Material for this exercise:
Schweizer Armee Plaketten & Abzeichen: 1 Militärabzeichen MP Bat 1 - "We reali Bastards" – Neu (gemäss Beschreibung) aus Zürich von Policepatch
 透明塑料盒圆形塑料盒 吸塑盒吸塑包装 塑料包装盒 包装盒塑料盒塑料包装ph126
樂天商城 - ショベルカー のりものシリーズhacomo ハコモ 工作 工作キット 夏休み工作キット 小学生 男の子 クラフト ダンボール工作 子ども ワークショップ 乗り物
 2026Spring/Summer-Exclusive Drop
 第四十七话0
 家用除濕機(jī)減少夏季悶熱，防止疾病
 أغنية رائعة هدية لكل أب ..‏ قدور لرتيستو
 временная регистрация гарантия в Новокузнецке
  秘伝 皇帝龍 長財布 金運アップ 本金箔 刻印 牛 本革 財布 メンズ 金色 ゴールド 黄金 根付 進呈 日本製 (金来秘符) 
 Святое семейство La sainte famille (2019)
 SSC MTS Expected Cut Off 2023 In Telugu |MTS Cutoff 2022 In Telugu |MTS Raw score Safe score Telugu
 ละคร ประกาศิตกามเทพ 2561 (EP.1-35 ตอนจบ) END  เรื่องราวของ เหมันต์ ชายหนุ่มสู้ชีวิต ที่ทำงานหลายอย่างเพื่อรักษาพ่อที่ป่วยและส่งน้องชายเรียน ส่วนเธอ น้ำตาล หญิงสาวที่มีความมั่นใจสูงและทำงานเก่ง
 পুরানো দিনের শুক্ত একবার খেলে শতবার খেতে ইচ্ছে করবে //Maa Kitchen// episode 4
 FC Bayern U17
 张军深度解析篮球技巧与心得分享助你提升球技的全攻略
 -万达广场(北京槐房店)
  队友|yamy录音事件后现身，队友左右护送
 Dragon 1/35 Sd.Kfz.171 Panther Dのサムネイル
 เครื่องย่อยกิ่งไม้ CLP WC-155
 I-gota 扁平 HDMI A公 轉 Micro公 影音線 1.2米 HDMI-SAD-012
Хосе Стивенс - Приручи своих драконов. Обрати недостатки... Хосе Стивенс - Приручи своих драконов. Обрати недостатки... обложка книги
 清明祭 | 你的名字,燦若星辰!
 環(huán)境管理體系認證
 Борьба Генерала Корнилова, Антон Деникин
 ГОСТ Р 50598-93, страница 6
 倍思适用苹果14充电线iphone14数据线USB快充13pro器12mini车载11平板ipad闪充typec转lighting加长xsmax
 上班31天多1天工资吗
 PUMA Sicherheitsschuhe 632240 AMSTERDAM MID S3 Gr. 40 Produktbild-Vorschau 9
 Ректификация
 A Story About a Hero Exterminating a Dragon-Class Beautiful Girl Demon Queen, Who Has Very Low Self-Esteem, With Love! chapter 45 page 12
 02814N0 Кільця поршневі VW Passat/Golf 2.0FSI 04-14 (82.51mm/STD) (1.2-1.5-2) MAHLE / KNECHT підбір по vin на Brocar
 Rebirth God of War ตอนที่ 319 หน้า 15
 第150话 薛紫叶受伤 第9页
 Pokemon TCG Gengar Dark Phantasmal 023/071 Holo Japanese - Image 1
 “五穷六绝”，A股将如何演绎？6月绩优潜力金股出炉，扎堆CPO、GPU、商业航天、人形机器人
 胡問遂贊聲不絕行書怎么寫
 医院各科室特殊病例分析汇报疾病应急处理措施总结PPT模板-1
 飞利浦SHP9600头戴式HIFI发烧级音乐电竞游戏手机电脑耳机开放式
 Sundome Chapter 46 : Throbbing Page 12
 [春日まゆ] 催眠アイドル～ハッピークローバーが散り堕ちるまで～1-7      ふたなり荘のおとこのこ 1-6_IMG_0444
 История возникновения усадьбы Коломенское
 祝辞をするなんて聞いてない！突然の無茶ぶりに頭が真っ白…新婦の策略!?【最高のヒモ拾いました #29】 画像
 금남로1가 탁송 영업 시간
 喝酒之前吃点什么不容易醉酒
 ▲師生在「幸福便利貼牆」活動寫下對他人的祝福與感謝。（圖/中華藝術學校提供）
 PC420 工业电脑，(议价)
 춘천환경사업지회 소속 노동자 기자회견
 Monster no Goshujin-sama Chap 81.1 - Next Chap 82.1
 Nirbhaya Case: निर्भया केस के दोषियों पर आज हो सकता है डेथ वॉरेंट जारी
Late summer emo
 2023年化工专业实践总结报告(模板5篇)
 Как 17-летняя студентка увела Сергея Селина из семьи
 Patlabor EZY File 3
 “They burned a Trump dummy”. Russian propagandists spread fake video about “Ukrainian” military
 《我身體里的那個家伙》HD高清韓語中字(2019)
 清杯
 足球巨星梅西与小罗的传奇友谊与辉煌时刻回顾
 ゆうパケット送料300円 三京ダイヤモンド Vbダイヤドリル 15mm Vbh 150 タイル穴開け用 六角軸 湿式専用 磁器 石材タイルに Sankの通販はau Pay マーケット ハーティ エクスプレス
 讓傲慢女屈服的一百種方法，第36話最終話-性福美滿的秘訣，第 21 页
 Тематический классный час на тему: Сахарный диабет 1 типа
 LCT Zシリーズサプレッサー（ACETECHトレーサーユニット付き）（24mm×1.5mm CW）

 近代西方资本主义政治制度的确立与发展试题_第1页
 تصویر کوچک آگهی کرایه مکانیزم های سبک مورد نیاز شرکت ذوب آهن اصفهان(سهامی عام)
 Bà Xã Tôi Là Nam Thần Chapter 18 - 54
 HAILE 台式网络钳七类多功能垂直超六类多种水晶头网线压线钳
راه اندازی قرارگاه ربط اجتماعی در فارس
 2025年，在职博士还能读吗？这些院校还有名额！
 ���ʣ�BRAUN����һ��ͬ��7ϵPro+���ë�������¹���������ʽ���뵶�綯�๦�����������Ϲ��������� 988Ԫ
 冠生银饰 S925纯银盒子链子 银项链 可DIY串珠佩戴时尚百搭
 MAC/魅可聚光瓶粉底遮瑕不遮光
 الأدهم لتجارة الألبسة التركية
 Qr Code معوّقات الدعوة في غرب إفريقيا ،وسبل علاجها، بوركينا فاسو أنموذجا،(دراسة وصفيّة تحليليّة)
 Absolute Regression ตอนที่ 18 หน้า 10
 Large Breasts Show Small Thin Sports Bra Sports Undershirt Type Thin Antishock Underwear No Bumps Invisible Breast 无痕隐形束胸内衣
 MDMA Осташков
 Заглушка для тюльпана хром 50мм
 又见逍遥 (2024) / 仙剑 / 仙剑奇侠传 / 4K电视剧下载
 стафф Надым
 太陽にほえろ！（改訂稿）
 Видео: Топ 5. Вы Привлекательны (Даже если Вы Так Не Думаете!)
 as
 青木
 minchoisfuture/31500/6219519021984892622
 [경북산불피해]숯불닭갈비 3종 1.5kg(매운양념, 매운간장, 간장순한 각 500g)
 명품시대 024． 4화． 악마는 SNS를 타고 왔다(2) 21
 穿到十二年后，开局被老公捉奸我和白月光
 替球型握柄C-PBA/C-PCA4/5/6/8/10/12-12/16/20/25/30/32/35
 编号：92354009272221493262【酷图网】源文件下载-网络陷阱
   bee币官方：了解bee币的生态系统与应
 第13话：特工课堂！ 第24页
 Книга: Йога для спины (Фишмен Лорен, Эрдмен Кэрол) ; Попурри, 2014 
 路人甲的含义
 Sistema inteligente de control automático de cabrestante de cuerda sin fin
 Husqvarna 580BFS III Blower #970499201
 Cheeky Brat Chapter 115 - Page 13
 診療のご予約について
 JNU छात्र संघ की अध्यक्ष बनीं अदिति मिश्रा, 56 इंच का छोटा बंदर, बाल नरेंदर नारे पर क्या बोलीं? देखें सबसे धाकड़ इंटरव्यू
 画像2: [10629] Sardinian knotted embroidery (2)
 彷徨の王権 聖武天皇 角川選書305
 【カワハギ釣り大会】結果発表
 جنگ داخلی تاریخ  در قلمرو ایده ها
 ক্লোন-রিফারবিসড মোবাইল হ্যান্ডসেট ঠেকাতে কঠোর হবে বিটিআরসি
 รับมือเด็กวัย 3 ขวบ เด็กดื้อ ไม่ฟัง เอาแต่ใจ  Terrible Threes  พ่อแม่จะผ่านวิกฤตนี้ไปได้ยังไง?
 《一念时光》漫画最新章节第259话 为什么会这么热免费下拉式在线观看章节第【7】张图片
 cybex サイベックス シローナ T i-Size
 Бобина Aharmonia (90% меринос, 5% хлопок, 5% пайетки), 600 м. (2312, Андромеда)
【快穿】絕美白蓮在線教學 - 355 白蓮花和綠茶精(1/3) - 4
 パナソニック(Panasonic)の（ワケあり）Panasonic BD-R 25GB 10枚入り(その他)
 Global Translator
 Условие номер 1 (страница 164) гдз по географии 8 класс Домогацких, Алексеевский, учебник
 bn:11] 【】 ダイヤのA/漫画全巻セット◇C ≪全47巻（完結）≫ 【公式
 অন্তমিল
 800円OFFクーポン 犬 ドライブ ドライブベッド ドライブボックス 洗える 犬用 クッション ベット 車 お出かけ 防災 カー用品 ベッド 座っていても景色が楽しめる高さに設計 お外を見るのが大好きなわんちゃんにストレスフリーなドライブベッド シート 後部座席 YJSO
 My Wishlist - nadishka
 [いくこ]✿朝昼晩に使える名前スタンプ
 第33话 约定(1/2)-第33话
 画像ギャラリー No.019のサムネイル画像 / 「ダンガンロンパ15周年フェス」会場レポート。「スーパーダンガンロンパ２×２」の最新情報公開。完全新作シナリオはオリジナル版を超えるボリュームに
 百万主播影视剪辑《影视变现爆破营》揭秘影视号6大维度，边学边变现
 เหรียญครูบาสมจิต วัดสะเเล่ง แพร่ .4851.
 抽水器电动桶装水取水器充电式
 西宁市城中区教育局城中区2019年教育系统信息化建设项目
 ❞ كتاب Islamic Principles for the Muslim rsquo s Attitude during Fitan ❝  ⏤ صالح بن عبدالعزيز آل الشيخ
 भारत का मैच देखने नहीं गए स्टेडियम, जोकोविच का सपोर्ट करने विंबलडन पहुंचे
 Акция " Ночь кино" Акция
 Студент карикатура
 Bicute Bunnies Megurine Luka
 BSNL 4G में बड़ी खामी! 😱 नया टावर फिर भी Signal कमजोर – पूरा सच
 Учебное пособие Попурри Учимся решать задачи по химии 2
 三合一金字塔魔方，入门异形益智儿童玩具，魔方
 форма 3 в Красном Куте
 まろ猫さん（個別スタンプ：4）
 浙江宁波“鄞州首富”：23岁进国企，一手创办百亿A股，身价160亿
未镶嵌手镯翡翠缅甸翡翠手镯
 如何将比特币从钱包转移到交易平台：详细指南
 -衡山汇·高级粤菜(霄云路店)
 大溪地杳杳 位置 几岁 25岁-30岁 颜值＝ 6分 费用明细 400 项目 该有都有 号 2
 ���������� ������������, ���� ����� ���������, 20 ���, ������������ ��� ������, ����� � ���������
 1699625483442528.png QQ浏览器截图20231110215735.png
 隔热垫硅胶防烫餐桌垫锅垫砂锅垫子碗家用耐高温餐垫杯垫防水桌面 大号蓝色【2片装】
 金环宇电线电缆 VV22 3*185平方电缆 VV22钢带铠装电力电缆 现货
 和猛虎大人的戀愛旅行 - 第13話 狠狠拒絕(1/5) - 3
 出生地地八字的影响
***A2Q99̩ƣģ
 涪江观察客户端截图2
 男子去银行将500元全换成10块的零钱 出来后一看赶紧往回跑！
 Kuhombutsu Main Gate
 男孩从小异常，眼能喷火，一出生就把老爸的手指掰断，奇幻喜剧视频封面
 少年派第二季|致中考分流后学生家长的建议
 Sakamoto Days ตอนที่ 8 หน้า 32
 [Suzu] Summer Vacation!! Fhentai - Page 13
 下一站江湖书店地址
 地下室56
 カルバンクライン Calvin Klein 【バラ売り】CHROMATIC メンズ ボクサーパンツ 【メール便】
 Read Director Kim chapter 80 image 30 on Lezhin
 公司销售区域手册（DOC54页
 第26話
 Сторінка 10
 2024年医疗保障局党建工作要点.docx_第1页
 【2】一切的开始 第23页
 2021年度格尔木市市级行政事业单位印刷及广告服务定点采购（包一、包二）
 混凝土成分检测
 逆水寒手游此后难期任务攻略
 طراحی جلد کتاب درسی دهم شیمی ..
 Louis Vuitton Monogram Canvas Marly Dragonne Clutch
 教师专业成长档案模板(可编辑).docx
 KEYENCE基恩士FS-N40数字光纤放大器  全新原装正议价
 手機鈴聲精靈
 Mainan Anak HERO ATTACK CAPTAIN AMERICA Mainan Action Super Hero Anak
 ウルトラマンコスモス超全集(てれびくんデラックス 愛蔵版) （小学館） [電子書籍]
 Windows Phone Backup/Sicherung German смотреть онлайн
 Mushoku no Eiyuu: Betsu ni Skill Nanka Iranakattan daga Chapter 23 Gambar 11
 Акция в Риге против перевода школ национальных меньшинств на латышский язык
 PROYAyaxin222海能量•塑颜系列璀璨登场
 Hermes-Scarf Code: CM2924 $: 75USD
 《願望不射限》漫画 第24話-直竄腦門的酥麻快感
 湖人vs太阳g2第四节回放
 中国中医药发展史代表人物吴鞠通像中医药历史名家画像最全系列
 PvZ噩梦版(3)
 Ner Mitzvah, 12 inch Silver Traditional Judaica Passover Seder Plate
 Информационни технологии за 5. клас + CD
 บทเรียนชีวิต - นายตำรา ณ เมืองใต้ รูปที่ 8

Exercise prompt:
Lines that hold "страница" are the ones to copy, so pick each out from the data.

Finished exercise:
 ГОСТ Р 50598-93, страница 6
 Условие номер 1 (страница 164) гдз по географии 8 класс Домогацких, Алексеевский, учебник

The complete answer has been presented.